Avrupa Konseyi Parlamenter Meclisi üye devletlerin üyeliğini askıya alma ve üye devletleri üyelikten atma yetkisine sahip.

Rıza Türmen konuyla ilgili olarak, "Bu çok uzak bir ihtimal ama imkansız değil" diyor.

4) AİHM'nin bu kararı nihai mi?

AİHM'nin kararında, bu kararın nihai olmadığı belirtiliyor.

Türkiye hükümeti üç ay içinde başvurunun AİHM'deki 17 üyeli Büyük Daire önünde yeniden görülmesini talep edebilir.

Hükümet Büyük Daire'ye gitmek isterse, bu talebi yargıçlardan oluşan 5 kişilik bir panel inceliyor.

Taraflardan biri kararı Büyük Daire'ye götürmezse ya da talep panel tarafından reddedilirse, karar kesinleşiyor.

Panel uygun gördüğü takdirde ise, bu talebi Büyük Daire'ye gönderiyor. Büyük Daire'ye gitmesi halinde ise verilmiş karar gözden geçirilmiyor, yeni bir yargılama yapılıyor.

Rıza Türmen, AİHM kararına göre Selahattin Demirtaş'ın kararın kesinleşmesini beklemeden "derhal" serbest bırakılması gerektiğini kaydediyor:

"Avrupa İnsan Hakları Mahkemesi, bir ihlali tespit eder, ama bu ihlal nasıl giderilecek, bunu hükümetlere bırakır. Bunu da Avrupa Konseyi Bakanlar Komitesi denetler.

"Ama bazı önemli kararlarda, bu kararda olduğu gibi, hükümetin ne yapması gerektiğini söyler. İşte burada da bunu söylemiş, 'Hemen serbest bırakın' diyor. Bu da çok önemli. Şimdi Demirtaş'ın derhal serbest bırakılması gerekiyor."

5) Bu kararın diğer tutuklu milletvekilleri açısından önemi var mı?

Türmen ve Sancar, bu kararın tutuklu seçilmişler açısından da bir emsal niteliğinde olduğu görüşünde.

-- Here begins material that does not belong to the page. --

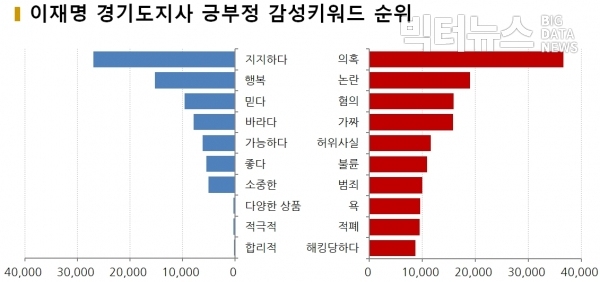 그림=10월 ‘이재명’ 긍부정 감성키워드 순위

Mithat Sancar, "Karar sadece Demirtaş'ı değil, bütün tutuklu milletvekillerini, daha önce tutuklanmış ve şu an tutuklu bulunan milletvekili olsun olmasın seçilmişleri kapsıyor" diyor ve ekliyor:

"Öncelikle Demirtaş derhal tahliye edilsin, bu hukuk maskesi altında yürütülen bütün operasyonlar da derhal durdurulsun."

Görüş almak istediğimiz AKP'li yetkililer ve milletvekilleri ise konuyla ilgili sorularımızı yanıtsız bıraktı.